__Given data__:
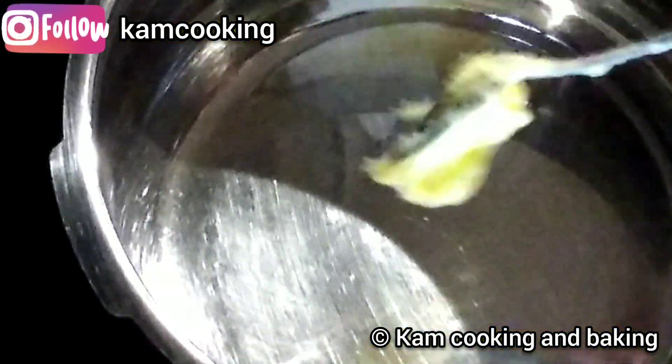In a pressure cooker, add one tablespoon of ghee and two tablespoons of oil. After the ghee gets melted, add the onions and sauté them till the onions become transparent.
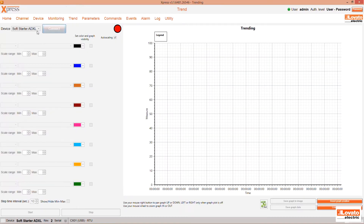Click on Trend and select the device you want to monitor. In our case, an ADXL. Then press Connect. To view the trend, we have chosen to monitor the L1 current and the percentage of torque required by the motor when starting and stopping it.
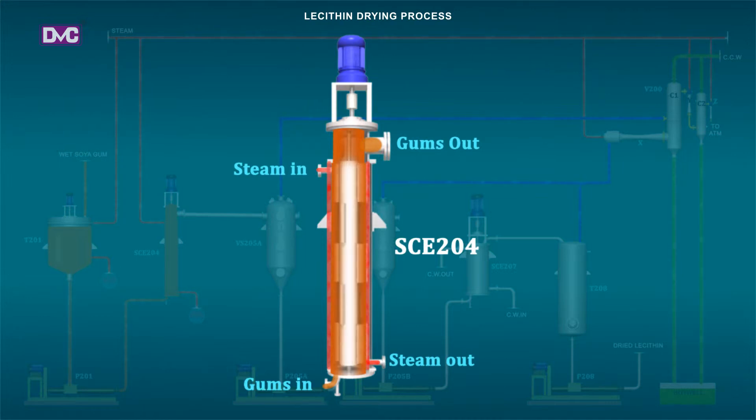SCE204: This equipment is designed to work under a reduced pressure of 50 mm Hg absolute. The rotor rotates at a speed of 350 rpm by a gear-type drive motor provided with a panel-mounted VFD for modulating the speed as per process requirement, as well as providing smooth start or stop. The equipment is designed to run at low steam pressure of 2 bar.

__Task instructions__: Reproduce the material word for word. Skip every picture it holds.

__Solution__:
In a pressure cooker, add one tablespoon of ghee and two tablespoons of oil. After the ghee gets melted, add the onions and sauté them till the onions become transparent.
Click on Trend and select the device you want to monitor. In our case, an ADXL. Then press Connect. To view the trend, we have chosen to monitor the L1 current and the percentage of torque required by the motor when starting and stopping it.
SCE204: This equipment is designed to work under a reduced pressure of 50 mm Hg absolute. The rotor rotates at a speed of 350 rpm by a gear-type drive motor provided with a panel-mounted VFD for modulating the speed as per process requirement, as well as providing smooth start or stop. The equipment is designed to run at low steam pressure of 2 bar.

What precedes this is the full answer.